What are the risks of bringing in an outside CEO to run the family business?

Business Leader Post, November 8, 2013

Thomas D. Davidow, Ed.D.

The expertise of the individual’s skill set and his or her years of experience are clearly important assets. Outside experience can bring a different perspective to the business and can provide tremendous value, if that experience and perspective are implemented. The key word here is if. The biggest risk is that the outsider will get pulled into the family dynamic. Family member/managers, like many other professional managers, can disagree on a number of business philosophies, methods, procedures, etc. However, in the family business, those disagreements can take on an additional level of emotion because of the family dynamic that exists beneath the business disagreement.

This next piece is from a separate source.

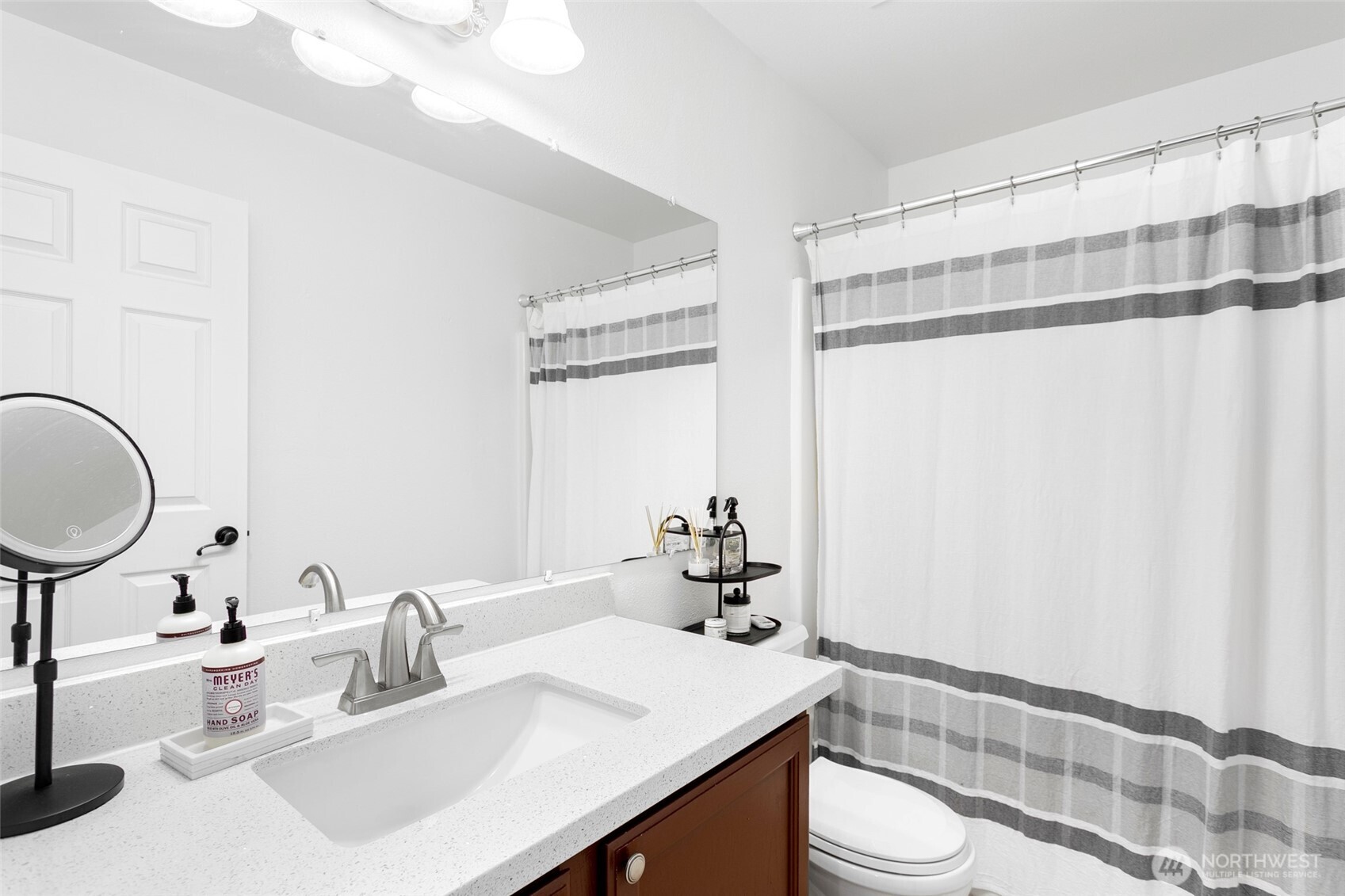 Bonney Lake, Washington, 98391, United States, 4 Bedrooms Bedrooms, ,3 BathroomsBathrooms,Residential,For Sale,1911203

The outsider, when faced with this dilemma, frequently begins to drift towards agreeing with one family member versus the other. S/he may drift towards the one s/he is most comfortable with, or who s/he perceives has the most influence or who s/he agrees with more often than not. Having lost a neutral perception, the outsider can then move from making sound business judgments to favoring one family member and excluding the other, thereby escalating family conflict and bringing the business into a risky situation.

Be careful. It is your responsibility to inform the outsider of underlying family issues and to have ongoing meetings and communication about those issues in order to clear the air continually. Absent that, everybody loses, including the outsider.